セキュリティを超えるマイナンバー制度の懸念

松岡功

2015-03-19 06:30

 2016年1月から実施されるマイナンバー制度。その課題としてセキュリティ対策がよく挙げられるが、専門家によると、それにも増して懸念される点があるようだ。

企業に求められる実務対応のポイント

 2016年1月から実施される社会保障と税の共通番号(マイナンバー)制度は、住民票を保有する国民全員に12桁の番号を割り当て、社会保障や税の手続きを効率化しようというものだ。

 マイナンバーは氏名や住所、性別、生年月日のみならず、所得や年金、社会保険情報と紐付く形になる。そのため、企業も従業員全員のマイナンバーを取り扱うことになる。そうした中で、懸念される点として、個人情報の漏えいをはじめとしたセキュリティ対策を指摘する声が多い。

 だが、専門家によると、マイナンバー制度にはセキュリティ対策にも増して懸念される点があるようだ。それは何か。
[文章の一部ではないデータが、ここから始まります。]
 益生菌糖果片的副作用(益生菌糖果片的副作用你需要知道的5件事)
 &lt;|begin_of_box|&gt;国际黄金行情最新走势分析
 セキュリティソフトベンダーのデジタルアーツが3月16日、マイナンバー制度導入に伴う企業の情報漏えい対策をテーマに記者会見を開き、想定されるリスクや同社のソリューションについて説明した。

 その説明に先立ち、マイナンバー制度の専門家である富士通総研 経済研究所 主席研究員の榎並利博氏が、制度導入に伴う企業の主に実務面での対応について講演した。

 同氏は対応のポイントとして、「社員からのマイナンバー取得方法、マイナンバーを利用する税と社会保障の各手続きや帳票、開始時期などを事前に確認し、運用を決めておく」、あるいは「特定個人情報を適正かつ安全に取り扱うため、総務部門を中心に関係部門を巻き込み、教育や研修など全社的に取り組む」ことなどが必要だと述べた。

懸念される分散データベースの「運用」

 その講演後の質疑応答で筆者は、「マイナンバー制度においてセキュリティ対策のほかに懸念される点はあるか」と聞いてみた。すると、榎並氏は次のように答えた。

榎並利博氏
富士通総研 経済研究所 主席研究員の榎並利博氏

 「セキュリティ対策にも増して懸念しているのは、全体としての運用がスムーズに行くかどうかだ。マイナンバー制度は、分散された個人情報を連携する仕組みになっている。だが、分散された個人情報のデータベースは、例えば地方自治体だけでもおよそ1800カ所に及ぶ。そうした相当な数の分散データベースをうまく管理し運用していけるかどうかだ」

 さらに、榎並氏はこう続けた。

 「こうしたデータベースを管理し運用する場合、本来ならば同様の制度を実施している他国のように一元化できれば、仕組みとしてはシンプルで扱いやすいものになるが、日本では個人情報を一元管理すると憲法違反になる可能性がある。加えてセキュリティ面でも危険性が高まることから、分散して管理する形で進んでいる。ただ、これだけ大規模な分散管理は前例がないだけに、うまく運用できるようにこれからさらに入念な準備をしていく必要がある」

マイナンバー制度での情報連携の仕組み
マイナンバー制度での情報連携の仕組み

 上に掲げたのが、榎並氏が講演の中で説明したマイナンバー制度における情報連携の仕組みである。個人情報のデータベースは、日本年金機構や国税庁、地方自治体に設置されており、それぞれマイナンバーによって情報提供ネットワークシステムを介して情報がマッチングされる形になる。

 この図には記されていないが、この情報連携に企業が加わることになる。榎並氏が懸念するのは、セキュリティ対策もさることながら、まずはマイナンバー制度としてきちんと機能するのかどうかということだ。運用面でも想定できるあらゆる対策を講じておく必要がありそうだ。